WORK ORDER:
Having located the line with "this 1033×580 image.", repeat it and all remaining lines of the records exactly. Pictures do not belong in the answer.

━━━

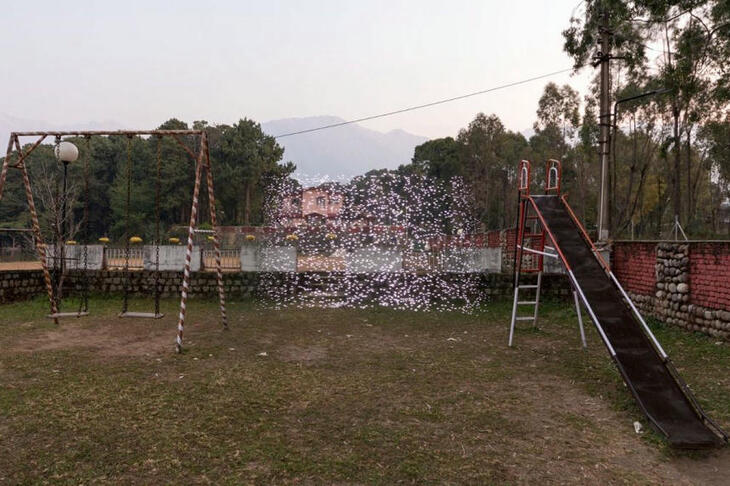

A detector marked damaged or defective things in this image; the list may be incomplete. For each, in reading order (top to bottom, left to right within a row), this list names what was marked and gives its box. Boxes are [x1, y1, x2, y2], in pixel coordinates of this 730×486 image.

rusty swing frame [0, 130, 226, 354]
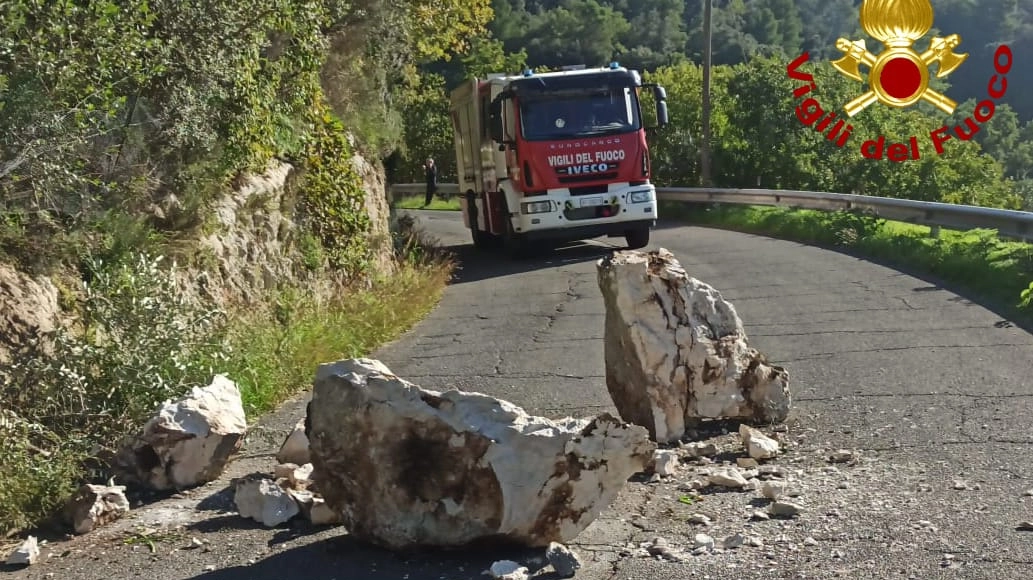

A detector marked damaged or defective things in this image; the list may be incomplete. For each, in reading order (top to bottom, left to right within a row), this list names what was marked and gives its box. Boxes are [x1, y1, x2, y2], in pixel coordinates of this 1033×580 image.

cracked asphalt road [8, 212, 1032, 580]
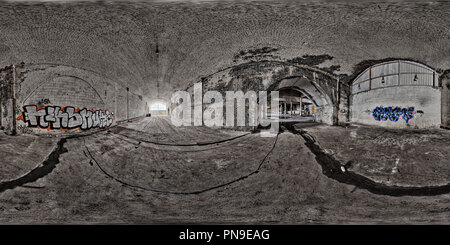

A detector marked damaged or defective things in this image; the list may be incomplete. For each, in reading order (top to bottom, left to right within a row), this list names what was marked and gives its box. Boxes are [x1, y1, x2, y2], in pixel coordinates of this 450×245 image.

crack in concrete [284, 123, 450, 196]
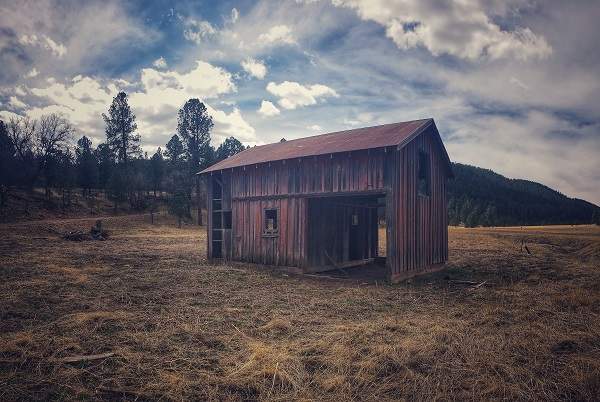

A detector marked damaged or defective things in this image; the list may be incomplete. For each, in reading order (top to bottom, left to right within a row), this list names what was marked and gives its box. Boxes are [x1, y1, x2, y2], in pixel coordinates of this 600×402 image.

rusty red roof [202, 116, 450, 173]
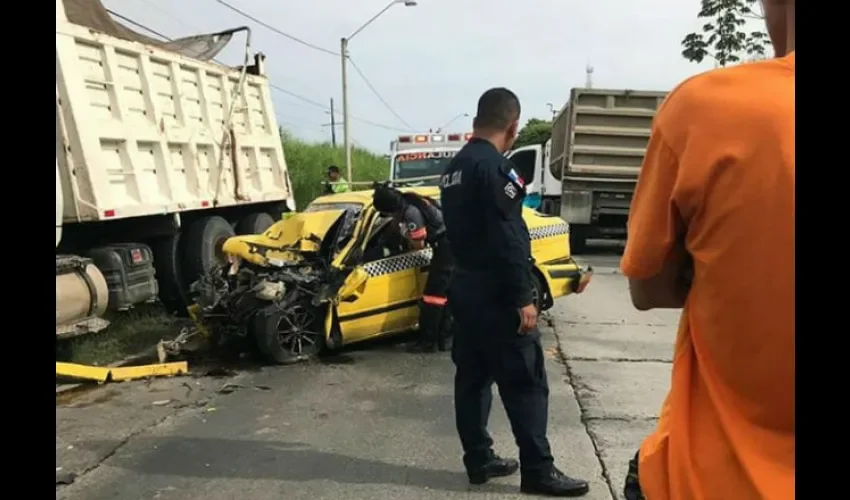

━━━

ANSWER SECTION:
A detector marked damaged or defective things in this image; the list may be incomplete. For each, in reading order (top to bottom, left to right within a row), this list names what was marked and gives its box. Boxes are [x1, y1, x2, y2], in pixel coordinates of this 1033×580 image.

cracked asphalt road [8, 212, 1032, 580]

A detector marked damaged or defective things in this image; the list may be incomplete. For each, in reading order (top to bottom, left to right within a row), this list names what was marked and gives its box. Boxes are [x1, y1, x2, y2], in pixel coordinates of this 450×245 image.

crack in concrete [284, 123, 450, 196]

A detector marked damaged or defective things in this image; the list may be incomplete. For each, in reading order (top to bottom, left to right within a row), this list names what was marked and gives its box. Boxes are [x1, y1, x2, y2], in pixel coordinates of this 600×402 image.

rusty red roof [202, 116, 450, 173]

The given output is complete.